DIRECTIONS FOR THIS TASK
Exact reproduction required: the lines below from the line with "Мужская футболка 3D" to the line with "valkoinen/puunvärinen, DC, hiljainen", both ends included, and no others.

***** SOURCE MATERIAL *****

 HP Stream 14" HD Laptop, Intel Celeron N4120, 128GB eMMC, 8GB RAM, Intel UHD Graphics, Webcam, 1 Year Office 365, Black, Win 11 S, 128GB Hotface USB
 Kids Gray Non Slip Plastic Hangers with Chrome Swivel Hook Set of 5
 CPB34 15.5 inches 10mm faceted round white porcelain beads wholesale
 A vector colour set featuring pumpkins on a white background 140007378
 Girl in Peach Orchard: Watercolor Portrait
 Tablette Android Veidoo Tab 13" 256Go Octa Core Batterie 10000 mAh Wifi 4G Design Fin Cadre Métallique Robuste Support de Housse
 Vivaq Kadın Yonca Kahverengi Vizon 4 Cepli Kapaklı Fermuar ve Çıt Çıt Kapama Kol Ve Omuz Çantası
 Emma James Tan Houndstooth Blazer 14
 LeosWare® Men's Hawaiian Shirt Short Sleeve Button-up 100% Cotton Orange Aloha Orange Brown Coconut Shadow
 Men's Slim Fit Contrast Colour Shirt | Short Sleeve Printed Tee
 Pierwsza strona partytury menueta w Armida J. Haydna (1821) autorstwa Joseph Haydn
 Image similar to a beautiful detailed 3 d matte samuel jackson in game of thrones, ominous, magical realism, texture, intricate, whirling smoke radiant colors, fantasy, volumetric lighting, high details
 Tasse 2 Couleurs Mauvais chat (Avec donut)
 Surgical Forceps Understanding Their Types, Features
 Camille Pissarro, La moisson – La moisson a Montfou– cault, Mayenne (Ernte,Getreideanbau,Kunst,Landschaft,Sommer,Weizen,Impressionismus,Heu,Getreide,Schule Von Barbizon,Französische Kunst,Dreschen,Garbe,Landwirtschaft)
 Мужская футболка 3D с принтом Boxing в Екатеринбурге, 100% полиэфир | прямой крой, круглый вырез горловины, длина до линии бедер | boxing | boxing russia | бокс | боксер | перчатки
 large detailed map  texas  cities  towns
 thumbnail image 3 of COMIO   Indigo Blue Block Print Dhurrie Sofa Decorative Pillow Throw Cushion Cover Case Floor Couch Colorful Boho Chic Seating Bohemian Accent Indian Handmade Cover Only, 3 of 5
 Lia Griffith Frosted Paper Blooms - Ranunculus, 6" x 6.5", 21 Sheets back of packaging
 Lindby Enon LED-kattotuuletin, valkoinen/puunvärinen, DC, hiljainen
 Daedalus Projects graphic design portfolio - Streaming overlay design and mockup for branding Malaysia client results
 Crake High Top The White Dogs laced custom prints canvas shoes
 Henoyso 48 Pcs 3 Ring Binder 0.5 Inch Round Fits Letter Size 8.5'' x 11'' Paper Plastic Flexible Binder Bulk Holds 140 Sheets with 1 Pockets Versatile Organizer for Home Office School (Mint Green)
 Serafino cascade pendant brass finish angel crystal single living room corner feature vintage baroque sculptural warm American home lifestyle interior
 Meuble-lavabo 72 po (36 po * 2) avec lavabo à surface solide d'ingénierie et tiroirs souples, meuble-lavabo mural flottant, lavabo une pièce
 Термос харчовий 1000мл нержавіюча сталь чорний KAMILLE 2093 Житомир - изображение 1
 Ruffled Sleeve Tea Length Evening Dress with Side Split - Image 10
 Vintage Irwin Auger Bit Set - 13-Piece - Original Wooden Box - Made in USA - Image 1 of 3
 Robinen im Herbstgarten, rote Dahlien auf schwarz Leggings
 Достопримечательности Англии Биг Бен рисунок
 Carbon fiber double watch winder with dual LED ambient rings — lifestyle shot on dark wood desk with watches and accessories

*****

TASK RESPONSE
 Мужская футболка 3D с принтом Boxing в Екатеринбурге, 100% полиэфир | прямой крой, круглый вырез горловины, длина до линии бедер | boxing | boxing russia | бокс | боксер | перчатки
 large detailed map  texas  cities  towns
 thumbnail image 3 of COMIO   Indigo Blue Block Print Dhurrie Sofa Decorative Pillow Throw Cushion Cover Case Floor Couch Colorful Boho Chic Seating Bohemian Accent Indian Handmade Cover Only, 3 of 5
 Lia Griffith Frosted Paper Blooms - Ranunculus, 6" x 6.5", 21 Sheets back of packaging
 Lindby Enon LED-kattotuuletin, valkoinen/puunvärinen, DC, hiljainen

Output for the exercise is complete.